Episode #4 of the course Mental exercises for beginner entrepreneurs by Genevieve LeMarchal

 

“The only reason for time is so that everything doesn’t happen all at once.” — Albert Einstein.

We have all heard that time is our most valuable asset. But despite this, many of us don’t treat our time as if it has actual value.

Time is like money—if you overspend in certain areas, you will have to sacrifice in others. However, unlike money, time is finite. Where you can always create more money, you cannot ever create more time.

Guard your time in the same way you guard your money. Don’t spend it on things and people that don’t matter to you or detract from you in some way, and maximize it in areas you need to. Leverage it in areas that you can, and don’t forget to leave a little for yourself.
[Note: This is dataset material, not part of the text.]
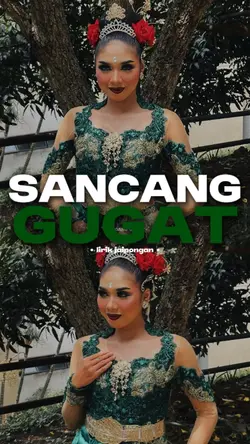 sancang gugat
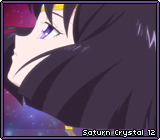 Saturn Crystal 12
One way that we as entrepreneurs are not stewards of our time is when we allow the priorities of others to control us. It’s natural for things to bleed into one another. But emails, constant text messages, phone calls, and interruptions are the main pirates of our time, and we allow them to be. Often so much so that we justify it!
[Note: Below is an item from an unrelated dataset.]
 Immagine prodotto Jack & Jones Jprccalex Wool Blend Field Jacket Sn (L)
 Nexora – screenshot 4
We think that time is adjacent to us. That it ultimately owns us. When we claim time as ours, time will begin to release its claim on you.
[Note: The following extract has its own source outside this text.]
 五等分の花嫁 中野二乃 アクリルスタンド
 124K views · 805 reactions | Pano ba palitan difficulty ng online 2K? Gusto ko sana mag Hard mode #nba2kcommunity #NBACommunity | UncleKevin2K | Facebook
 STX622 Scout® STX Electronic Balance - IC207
Perhaps you feel you can’t say “no” to your mother-in-law right now, or your needy friend needs you again. Maybe someone is late for a meeting with you, so you just sit and wait for them. But once we learn to understand time and the unique ways that we personally use and spend it, you’ll learn how to work with it to your advantage and ultimately get more done.

And just like money, the first step in controlling time is respecting it.

One example that affects all of us is calendaring and scheduling. Just because you see an opening in your calendar on a certain day does not mean that time is actually available. Another example is not keeping perspective and maintaining boundaries. Just because a project is important does not mean it deserves a disproportionate amount of time compared to your other priorities.

“The price of anything is the amount of life you exchange for it.” — Henry Thoreau

 

Action Tip

Many of us do not have the flexibility to let go of the things that waste our time in lieu of spending time in the areas that matter more. If you have a negative colleague you have to work with or a bad project that you can’t get out of, it’s not likely you can immediately remove these things from your life without creating harmful consequences.

That being said, if you are miserable in a job or a circumstance you cannot change, you can examine how much life you are exchanging for it. How much joy, love, or simple daily happiness is seeping away from you because of this thing or person? Because even if you can’t work on your time, you are in charge of how it affects you and how you decide to let it make you feel in your life.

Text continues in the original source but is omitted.